Designing RESTful APIs for cloud services

HTTP has become the de-facto standard transport protocol for programmatic communication in software-as-a-service offerings. This mostly entails publishing request-response style APIs. We often refer to these APIs as "RESTful APIs":

[When a] request is made via a RESTful API, [the response is] a representation of the state of the resource[.] -- https://www.redhat.com/en/topics/api/what-is-a-rest-api

Let's decrypt that: "representation" has come to mean JSON, while "state" refers to those ubiquitous (and unwieldy) relational databases and "resource" is an object from our domain model.

The literature on API design will exhort you to analyze the problem space and consider your design choices carefully. Indeed, design choices will significantly impact the lifecycle of APIs that are part of a software-as-a-service offering. However, when designing a software-as-a-service API, we do not really know the details of future usage. The goal must therefore be to maximize our freedom to evolve the APIs without having to change the formal or informal contracts that regulate their usage. The API should become a facade behind which we are free to evolve the implementation.
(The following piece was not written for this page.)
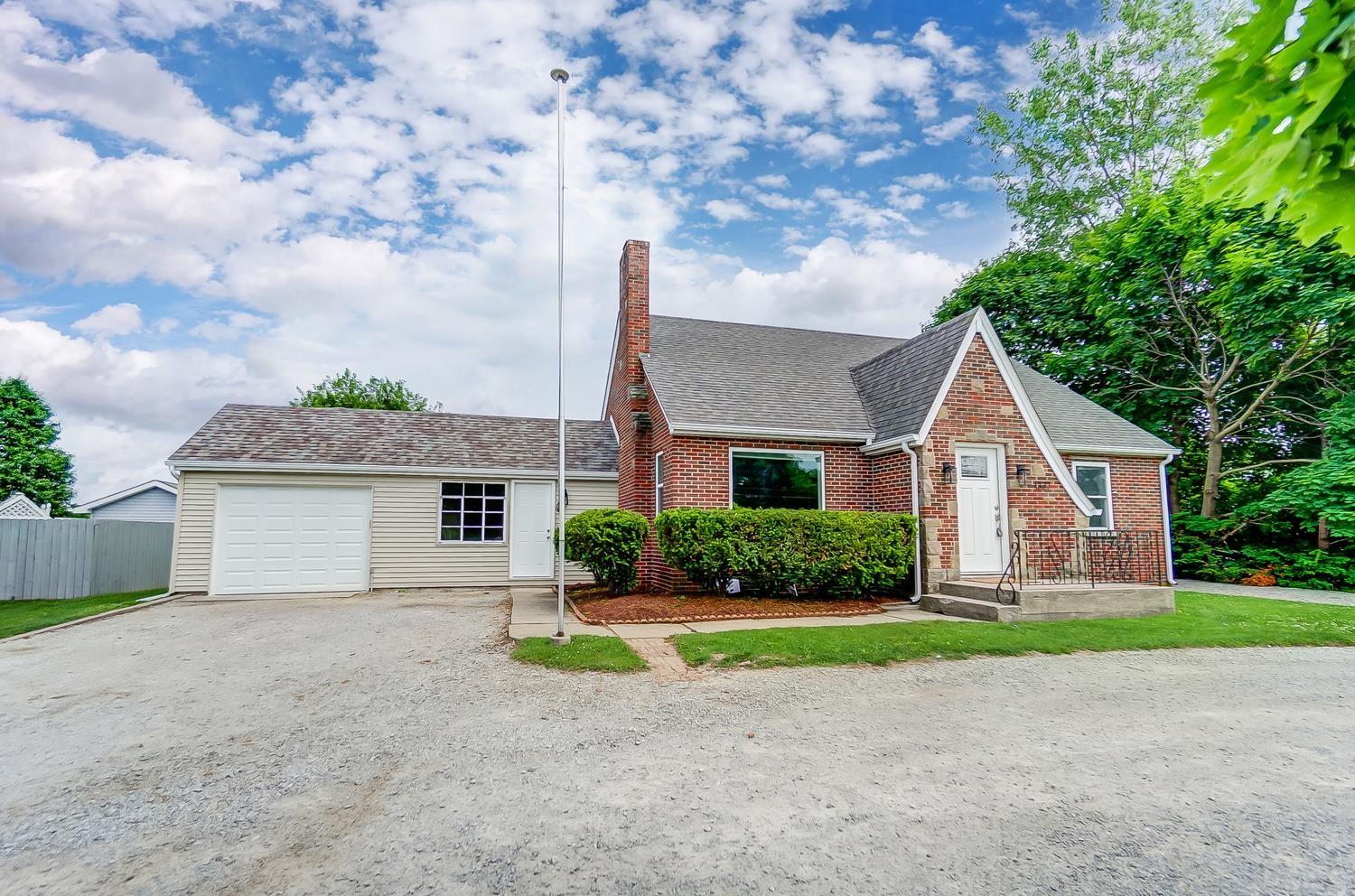 1327 Reckeweg Road Fort Wayne, IN 46804 - Photo 1 of 36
This post proposes and motivates a set of guidelines for RESTful APIs (and by extension their contracts) intended to maximize their life span and support rapid evolution throughout it. The post focuses on organizations that want to provide commercial software-as-a-service offerings, though many of the guidelines have wider application.

Start with the basics

The guidelines below should be considered in addition to established good practice, so if you are new to REST, you may want to start by reading the literature. Here are some good good articles about RESTful API practices:

Note that these articles and the recommendations are not in total harmony, for example when it comes to the extent to which use cases should be allowed to influence API design.

Also, please remember that HTTP is a very rich transport protocol which provides solutions to many common API needs. For example, content negotiation and conditional requests can help solve various problems.

Practices for rapid evolution

Additionally, there are a number of good practices which are relevant when building software-as-a-service RESTful APIs.

Your API is a collection of nouns

The most central tenet of REST bears repeating: your API is expressed in nouns, each of which is a class of resources. (If expressing your API in terms of nouns feels contrived, you may want to consider an RPC style API instead.) Those resources are queried and manipulated using basic "CRUD" operations. A car sharing service might expose GET /vehicles for finding available vehicles and an individual vehicle would be GET /vehicles/:id.

Motivation: Focusing on resources reduces the risk of implementation details bleeding into the API, which means that it becomes easier to change the backing implementation. This is akin to Kant's Der ding an sich, in that we are trying to discover what properties a resource should reasonably have to match the sum of all observations.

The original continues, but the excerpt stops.